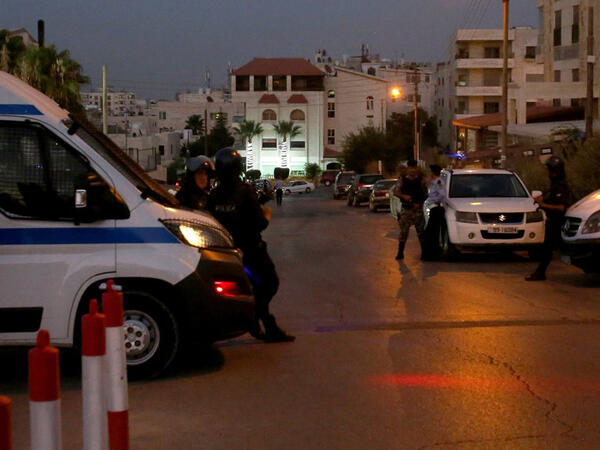 اسرائيلي يقتل يافع وطبيب في عمان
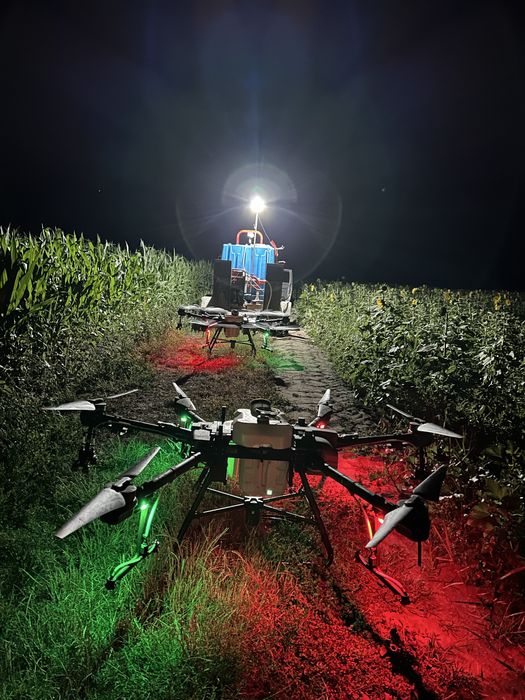 Vand drona DJI AGRAS T30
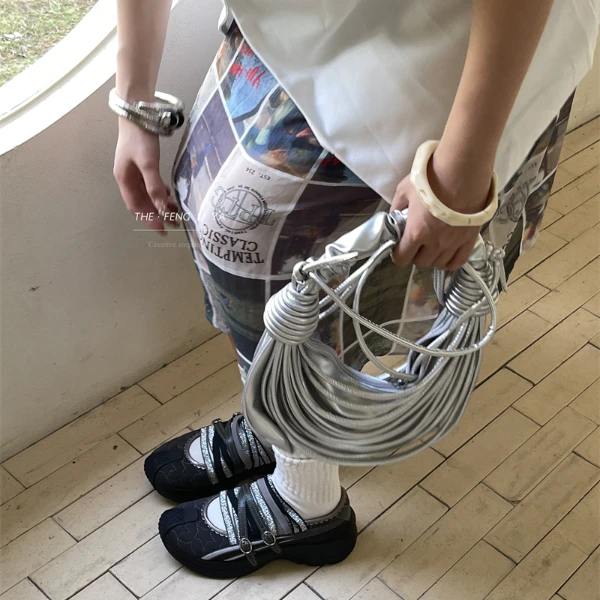 圆头浅口厚底单鞋女2024新款刺绣镂空休闲一字绑带芭蕾玛丽珍鞋女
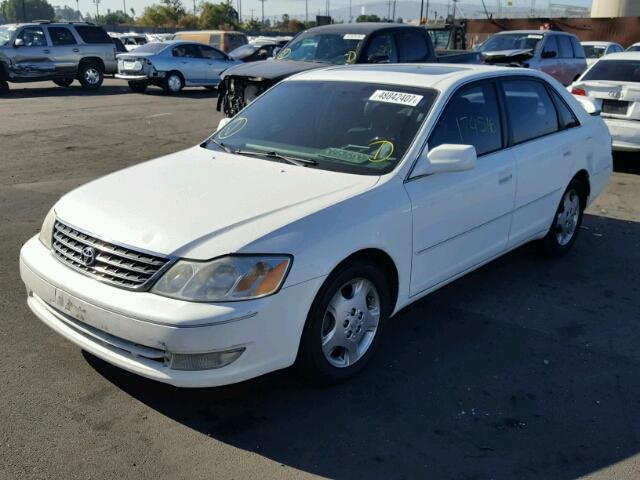 4T1BF28B63U304824 - 2003 TOYOTA AVALON XL WHITE photo 2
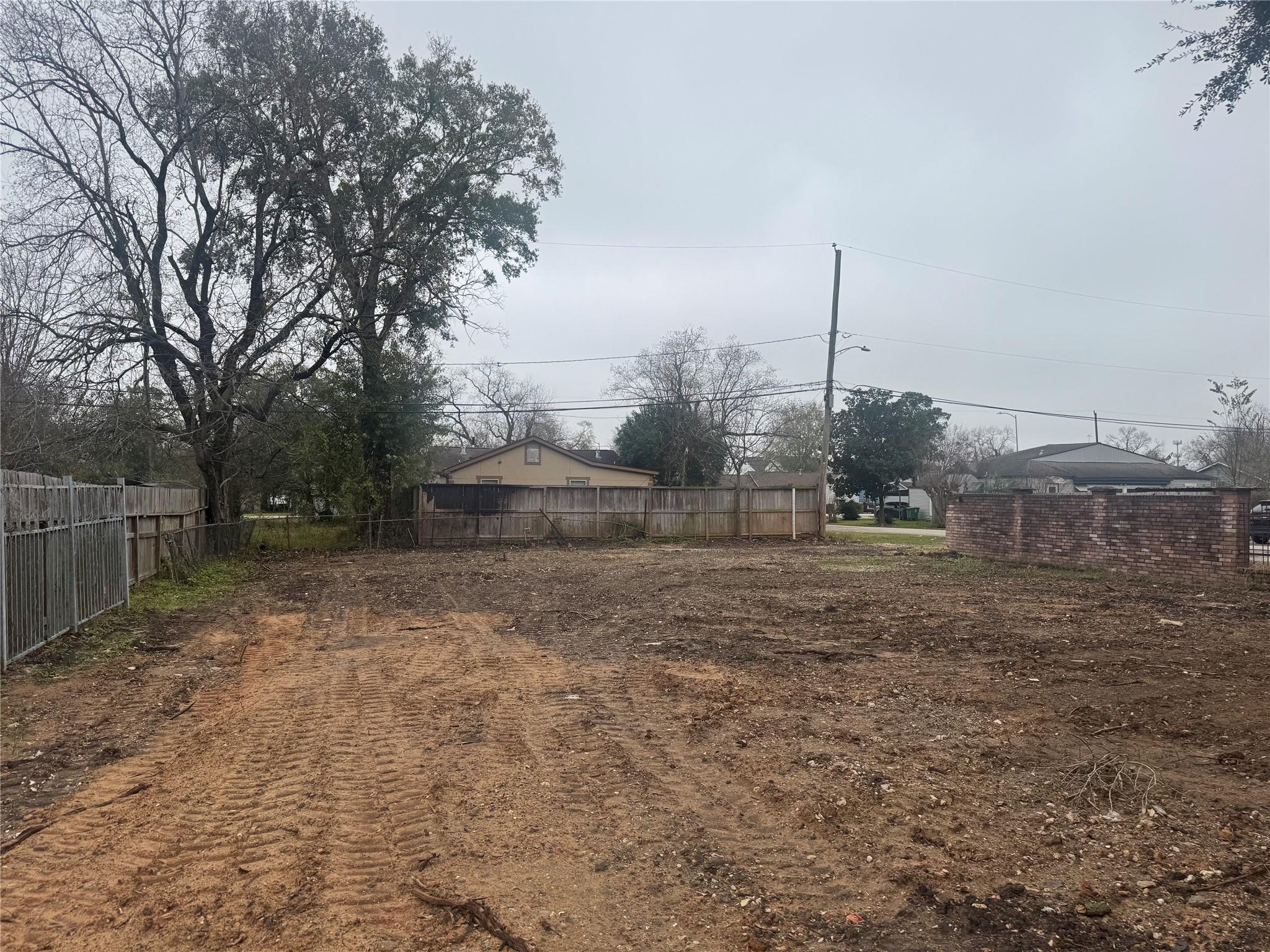 Land in Houston 2
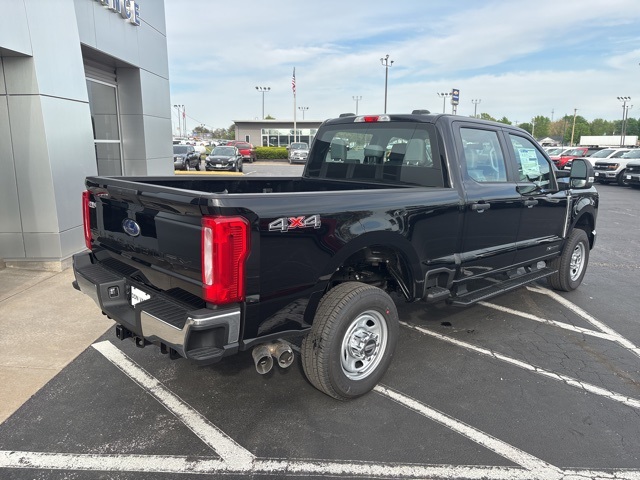2025 Ford F-350 XL photo 6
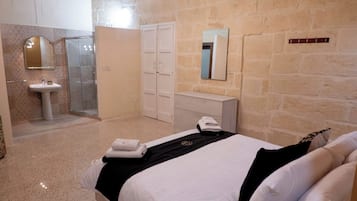 Family House, Multiple Bedrooms (Surwig Gozitan Villa & Pool) | 5 bedrooms, free WiFi, bed sheets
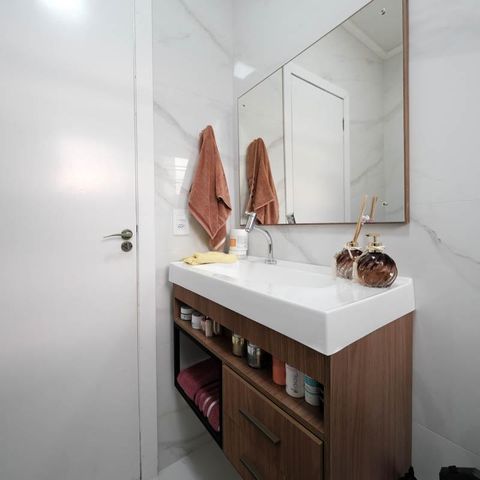 Casa à venda com 125m², 3 quartos e 2 vagasBanheiro da Suíte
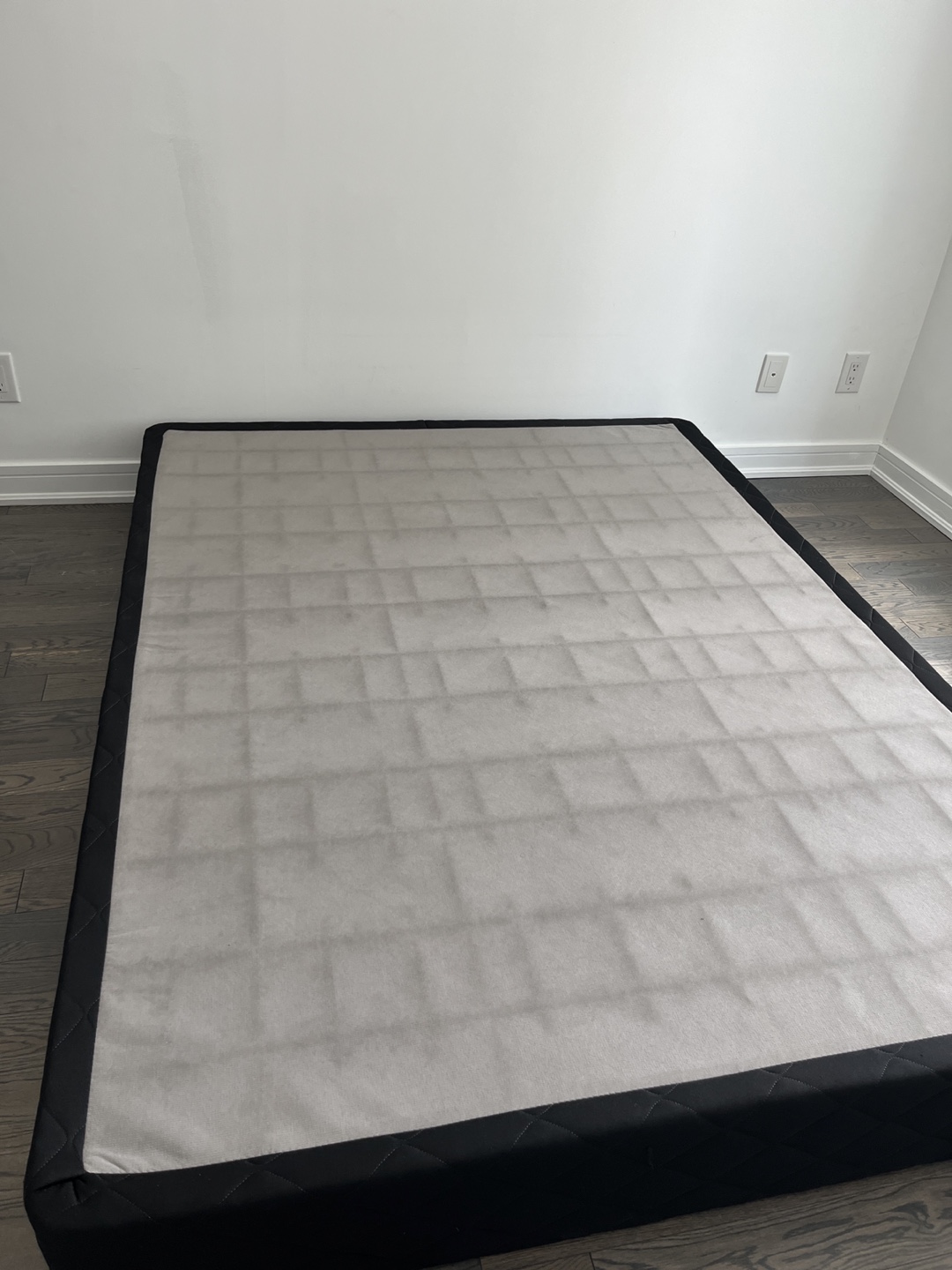 (Queen Mattress/Box Spring Set) Sealy Posturepedic Plus - photo 3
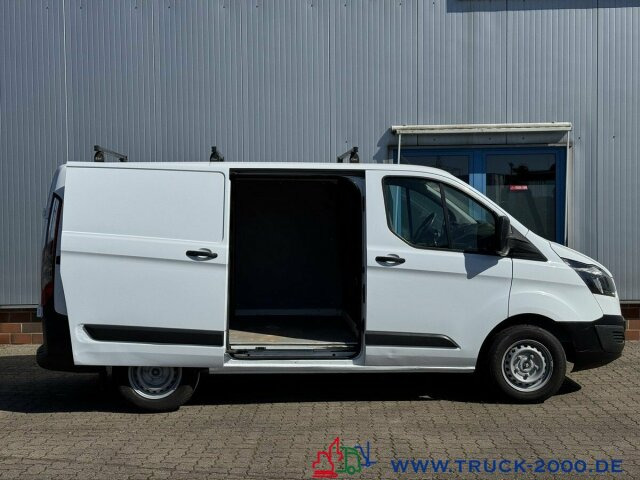 Ford Transit 2.2 TDCI Custom 3 Sitze TÜV 05/2026 - Furgão compacto: foto 3 Ford Transit 2.2 TDCI Custom 3 Sitze TÜV 05/2026 - Furgão compacto: foto 3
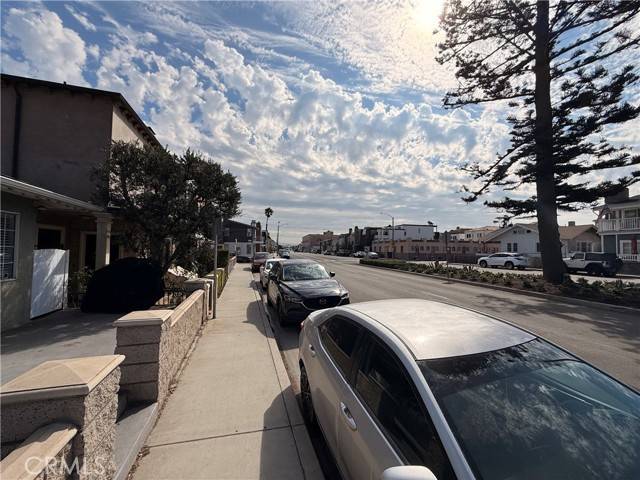 Newport Beach, CA 92661,126 E E Balboa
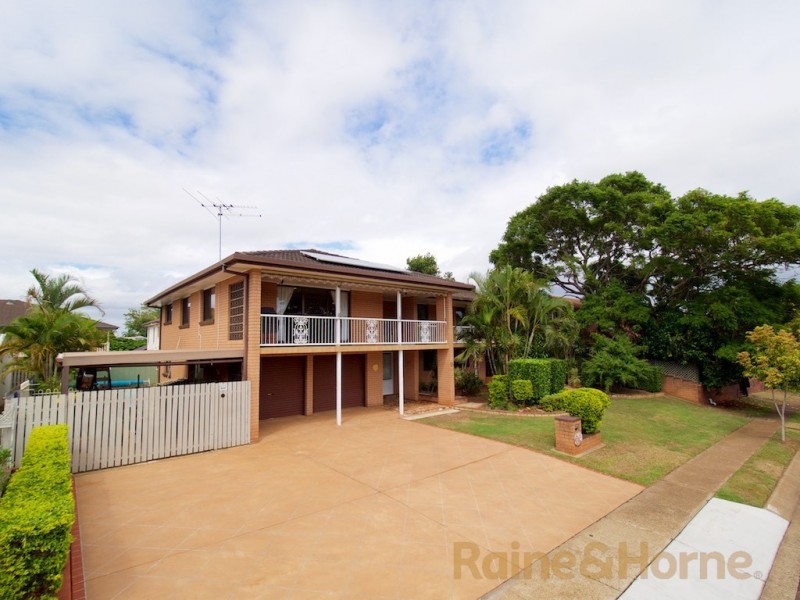 25 Faringdon Street, Robertson QLD 4109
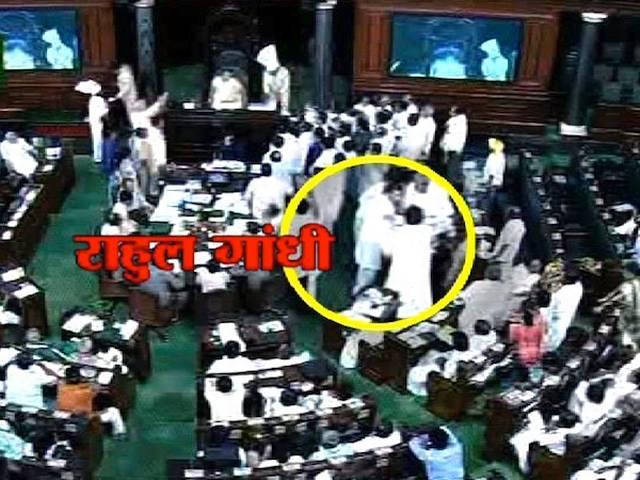 सांप्रदायिक हिंसा पर चर्चा की मांग को लेकर वेल में उतरे राहुल गांधी, बोले- सिर्फ एक आदमी की चलती है Rahul Gandhi accuses govt of not allowing discussion in LS l Says only 1 man’s voice is heard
★ ★ ★
Work required
Once the line containing "(Queen Mattress/Box Spring" is found in the records above, it and every line after it up to the last must be repeated exactly, without pictures.

Answer space
 (Queen Mattress/Box Spring Set) Sealy Posturepedic Plus - photo 3
 Ford Transit 2.2 TDCI Custom 3 Sitze TÜV 05/2026 - Furgão compacto: foto 3 Ford Transit 2.2 TDCI Custom 3 Sitze TÜV 05/2026 - Furgão compacto: foto 3
 Newport Beach, CA 92661,126 E E Balboa
 25 Faringdon Street, Robertson QLD 4109
 सांप्रदायिक हिंसा पर चर्चा की मांग को लेकर वेल में उतरे राहुल गांधी, बोले- सिर्फ एक आदमी की चलती है Rahul Gandhi accuses govt of not allowing discussion in LS l Says only 1 man’s voice is heard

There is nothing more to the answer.